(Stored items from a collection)
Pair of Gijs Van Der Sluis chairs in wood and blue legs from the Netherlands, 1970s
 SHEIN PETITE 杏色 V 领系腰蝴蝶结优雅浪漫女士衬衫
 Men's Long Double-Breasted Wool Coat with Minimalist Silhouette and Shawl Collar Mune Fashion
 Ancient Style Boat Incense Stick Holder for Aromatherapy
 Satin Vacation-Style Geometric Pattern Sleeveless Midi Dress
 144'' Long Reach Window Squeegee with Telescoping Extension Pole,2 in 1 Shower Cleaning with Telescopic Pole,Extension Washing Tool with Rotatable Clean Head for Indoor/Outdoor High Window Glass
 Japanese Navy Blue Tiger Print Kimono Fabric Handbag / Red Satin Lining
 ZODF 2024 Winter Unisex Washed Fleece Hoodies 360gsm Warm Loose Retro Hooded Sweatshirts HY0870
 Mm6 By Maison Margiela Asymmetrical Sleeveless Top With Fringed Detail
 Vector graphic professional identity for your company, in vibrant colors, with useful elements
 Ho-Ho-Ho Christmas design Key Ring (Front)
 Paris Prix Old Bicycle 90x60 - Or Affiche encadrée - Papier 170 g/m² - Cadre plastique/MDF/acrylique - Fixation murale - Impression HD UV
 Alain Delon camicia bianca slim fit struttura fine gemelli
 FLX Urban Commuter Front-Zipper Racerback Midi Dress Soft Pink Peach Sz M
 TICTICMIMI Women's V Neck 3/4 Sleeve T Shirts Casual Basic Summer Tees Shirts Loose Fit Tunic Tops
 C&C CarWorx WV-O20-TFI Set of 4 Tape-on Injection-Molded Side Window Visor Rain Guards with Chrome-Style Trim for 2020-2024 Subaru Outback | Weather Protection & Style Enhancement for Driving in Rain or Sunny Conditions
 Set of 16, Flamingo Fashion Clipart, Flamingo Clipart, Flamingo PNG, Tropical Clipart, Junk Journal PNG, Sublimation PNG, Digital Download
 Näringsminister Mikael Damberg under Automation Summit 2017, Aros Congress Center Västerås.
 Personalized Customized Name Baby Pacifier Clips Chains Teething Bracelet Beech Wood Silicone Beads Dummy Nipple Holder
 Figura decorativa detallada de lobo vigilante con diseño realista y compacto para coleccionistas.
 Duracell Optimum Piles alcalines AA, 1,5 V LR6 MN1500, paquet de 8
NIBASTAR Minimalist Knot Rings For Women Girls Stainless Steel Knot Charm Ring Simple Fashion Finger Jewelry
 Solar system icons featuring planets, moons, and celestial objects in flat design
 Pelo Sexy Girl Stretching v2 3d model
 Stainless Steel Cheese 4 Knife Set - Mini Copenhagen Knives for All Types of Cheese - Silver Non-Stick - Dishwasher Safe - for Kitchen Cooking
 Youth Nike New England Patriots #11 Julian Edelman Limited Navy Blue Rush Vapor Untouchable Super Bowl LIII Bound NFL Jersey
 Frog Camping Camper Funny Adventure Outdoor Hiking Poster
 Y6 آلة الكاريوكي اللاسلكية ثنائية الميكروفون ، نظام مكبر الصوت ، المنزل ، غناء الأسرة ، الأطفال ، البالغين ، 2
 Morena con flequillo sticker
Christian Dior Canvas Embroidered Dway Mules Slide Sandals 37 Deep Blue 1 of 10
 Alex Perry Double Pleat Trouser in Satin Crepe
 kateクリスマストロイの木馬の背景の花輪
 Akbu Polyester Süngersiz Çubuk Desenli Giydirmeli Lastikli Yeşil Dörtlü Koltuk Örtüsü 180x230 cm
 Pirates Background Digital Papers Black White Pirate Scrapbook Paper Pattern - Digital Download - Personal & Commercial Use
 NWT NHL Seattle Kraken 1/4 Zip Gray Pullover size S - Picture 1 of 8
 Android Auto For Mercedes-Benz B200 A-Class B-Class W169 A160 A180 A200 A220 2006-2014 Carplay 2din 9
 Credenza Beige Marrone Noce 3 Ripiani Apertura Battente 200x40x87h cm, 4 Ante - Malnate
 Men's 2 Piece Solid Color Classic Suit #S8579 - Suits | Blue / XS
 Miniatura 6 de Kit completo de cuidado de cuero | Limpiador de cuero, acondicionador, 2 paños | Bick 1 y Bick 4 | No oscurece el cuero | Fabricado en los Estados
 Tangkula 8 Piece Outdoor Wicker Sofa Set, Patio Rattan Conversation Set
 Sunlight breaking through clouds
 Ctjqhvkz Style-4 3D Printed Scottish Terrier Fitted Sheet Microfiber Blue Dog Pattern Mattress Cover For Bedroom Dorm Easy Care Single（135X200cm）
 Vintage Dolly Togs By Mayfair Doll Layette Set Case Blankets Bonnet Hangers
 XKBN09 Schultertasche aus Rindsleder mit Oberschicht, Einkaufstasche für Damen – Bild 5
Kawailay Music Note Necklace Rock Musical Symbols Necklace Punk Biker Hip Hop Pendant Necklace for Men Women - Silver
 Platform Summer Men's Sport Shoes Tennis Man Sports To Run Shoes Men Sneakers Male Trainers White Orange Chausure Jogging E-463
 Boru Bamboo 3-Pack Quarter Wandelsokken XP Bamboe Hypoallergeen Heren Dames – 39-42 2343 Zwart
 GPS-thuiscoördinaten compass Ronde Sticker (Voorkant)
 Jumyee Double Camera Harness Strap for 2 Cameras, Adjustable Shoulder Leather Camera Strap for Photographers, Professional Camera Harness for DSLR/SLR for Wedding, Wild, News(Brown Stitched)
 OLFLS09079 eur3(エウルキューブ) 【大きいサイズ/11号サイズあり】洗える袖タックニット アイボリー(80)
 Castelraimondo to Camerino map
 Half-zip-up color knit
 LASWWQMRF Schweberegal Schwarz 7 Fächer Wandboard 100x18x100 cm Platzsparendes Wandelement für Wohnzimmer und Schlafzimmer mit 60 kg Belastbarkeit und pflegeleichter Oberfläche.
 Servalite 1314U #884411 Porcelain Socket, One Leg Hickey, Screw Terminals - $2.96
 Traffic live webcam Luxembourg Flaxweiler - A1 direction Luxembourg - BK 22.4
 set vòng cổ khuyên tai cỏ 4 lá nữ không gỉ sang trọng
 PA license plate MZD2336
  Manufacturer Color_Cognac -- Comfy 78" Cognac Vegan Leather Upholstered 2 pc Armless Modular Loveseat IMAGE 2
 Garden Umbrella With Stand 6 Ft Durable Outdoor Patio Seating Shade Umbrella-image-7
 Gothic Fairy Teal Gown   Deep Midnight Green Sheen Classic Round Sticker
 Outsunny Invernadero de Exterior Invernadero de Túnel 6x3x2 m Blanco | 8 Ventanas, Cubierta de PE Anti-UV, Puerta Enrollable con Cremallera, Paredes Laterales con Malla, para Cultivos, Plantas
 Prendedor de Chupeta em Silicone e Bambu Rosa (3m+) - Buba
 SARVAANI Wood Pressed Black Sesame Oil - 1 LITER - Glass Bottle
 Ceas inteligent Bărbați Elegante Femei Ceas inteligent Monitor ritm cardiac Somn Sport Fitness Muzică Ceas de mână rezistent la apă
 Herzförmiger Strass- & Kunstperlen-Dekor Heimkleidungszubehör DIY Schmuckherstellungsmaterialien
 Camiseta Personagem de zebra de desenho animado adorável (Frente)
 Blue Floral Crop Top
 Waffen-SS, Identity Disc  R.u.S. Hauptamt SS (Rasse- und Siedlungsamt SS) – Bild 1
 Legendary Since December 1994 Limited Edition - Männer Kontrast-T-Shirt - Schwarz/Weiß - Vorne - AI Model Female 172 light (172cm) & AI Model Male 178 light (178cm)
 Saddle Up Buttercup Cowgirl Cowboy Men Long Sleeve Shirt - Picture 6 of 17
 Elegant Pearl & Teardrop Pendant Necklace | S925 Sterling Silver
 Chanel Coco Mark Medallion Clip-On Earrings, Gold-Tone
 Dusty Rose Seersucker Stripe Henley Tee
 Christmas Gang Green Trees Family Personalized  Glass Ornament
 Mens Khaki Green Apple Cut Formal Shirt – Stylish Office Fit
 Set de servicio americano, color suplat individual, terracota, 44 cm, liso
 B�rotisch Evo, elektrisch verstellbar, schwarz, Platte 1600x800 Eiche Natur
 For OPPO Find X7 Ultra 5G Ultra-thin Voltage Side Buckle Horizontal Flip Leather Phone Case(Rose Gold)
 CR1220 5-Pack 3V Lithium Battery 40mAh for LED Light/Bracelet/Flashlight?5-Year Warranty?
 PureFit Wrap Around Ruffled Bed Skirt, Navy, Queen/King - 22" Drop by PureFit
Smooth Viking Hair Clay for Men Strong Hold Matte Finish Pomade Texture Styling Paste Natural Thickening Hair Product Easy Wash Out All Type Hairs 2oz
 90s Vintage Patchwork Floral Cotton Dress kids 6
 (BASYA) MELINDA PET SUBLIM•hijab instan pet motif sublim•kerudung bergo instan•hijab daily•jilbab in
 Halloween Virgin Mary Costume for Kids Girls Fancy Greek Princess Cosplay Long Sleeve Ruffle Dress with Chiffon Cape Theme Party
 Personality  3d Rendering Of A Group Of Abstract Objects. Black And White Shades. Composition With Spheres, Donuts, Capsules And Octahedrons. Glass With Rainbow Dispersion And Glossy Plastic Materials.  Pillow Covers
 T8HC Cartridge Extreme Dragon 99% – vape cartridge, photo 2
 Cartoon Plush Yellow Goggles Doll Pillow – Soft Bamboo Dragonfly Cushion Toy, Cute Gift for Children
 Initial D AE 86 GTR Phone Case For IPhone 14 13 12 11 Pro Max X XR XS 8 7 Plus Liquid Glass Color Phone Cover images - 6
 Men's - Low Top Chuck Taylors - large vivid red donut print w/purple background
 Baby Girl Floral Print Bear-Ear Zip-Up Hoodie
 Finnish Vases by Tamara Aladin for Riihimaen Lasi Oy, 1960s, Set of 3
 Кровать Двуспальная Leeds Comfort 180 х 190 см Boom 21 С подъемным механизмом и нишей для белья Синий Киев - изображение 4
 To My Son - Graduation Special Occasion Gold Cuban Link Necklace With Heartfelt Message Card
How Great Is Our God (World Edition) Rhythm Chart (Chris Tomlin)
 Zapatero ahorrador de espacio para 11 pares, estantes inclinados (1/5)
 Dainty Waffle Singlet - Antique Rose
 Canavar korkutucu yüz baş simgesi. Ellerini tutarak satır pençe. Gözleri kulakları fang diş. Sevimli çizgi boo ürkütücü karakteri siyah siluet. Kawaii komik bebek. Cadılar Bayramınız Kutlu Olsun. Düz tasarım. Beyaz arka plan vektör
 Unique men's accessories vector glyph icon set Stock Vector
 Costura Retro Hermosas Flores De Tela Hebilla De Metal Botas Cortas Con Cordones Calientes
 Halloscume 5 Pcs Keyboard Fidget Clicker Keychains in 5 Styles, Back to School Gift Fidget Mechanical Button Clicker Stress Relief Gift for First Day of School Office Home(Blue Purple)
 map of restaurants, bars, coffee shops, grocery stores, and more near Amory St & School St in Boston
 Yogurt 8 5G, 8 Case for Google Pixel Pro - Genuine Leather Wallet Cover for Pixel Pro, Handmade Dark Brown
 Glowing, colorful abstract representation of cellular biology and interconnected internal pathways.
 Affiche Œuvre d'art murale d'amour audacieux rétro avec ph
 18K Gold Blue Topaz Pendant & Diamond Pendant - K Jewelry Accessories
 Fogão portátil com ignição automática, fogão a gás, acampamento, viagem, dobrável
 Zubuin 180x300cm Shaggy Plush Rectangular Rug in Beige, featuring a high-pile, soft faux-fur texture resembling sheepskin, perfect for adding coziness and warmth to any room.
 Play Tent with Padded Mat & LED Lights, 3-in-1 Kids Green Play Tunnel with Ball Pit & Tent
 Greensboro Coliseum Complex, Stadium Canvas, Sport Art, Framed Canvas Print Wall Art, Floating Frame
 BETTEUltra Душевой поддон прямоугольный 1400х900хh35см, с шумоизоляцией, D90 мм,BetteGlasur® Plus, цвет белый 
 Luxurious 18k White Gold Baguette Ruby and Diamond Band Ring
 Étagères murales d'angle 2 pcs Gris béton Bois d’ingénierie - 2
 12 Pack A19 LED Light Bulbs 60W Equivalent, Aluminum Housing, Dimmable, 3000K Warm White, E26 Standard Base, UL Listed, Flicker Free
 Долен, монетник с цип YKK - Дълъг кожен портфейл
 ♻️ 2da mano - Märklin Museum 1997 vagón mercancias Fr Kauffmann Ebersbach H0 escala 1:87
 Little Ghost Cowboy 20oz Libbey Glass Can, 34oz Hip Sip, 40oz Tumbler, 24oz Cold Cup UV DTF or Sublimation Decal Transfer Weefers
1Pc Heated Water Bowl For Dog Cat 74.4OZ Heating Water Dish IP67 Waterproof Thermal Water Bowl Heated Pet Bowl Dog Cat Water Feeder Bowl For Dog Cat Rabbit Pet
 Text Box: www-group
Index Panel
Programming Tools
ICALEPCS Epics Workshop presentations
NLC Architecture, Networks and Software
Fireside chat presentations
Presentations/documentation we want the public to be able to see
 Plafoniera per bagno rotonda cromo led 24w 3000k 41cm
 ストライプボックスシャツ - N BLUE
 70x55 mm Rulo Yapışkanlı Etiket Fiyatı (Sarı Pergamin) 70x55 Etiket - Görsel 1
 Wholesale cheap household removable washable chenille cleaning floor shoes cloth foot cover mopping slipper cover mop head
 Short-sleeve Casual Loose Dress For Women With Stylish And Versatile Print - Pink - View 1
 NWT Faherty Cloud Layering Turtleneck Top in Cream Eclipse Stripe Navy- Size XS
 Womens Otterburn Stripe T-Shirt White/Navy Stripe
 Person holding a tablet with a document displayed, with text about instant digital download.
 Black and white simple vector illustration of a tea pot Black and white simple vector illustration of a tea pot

• _What the exercise asks_: Search the records above for "Canvas". Copy each line where it is found.

• _Completed task_:
Christian Dior Canvas Embroidered Dway Mules Slide Sandals 37 Deep Blue 1 of 10
 Greensboro Coliseum Complex, Stadium Canvas, Sport Art, Framed Canvas Print Wall Art, Floating Frame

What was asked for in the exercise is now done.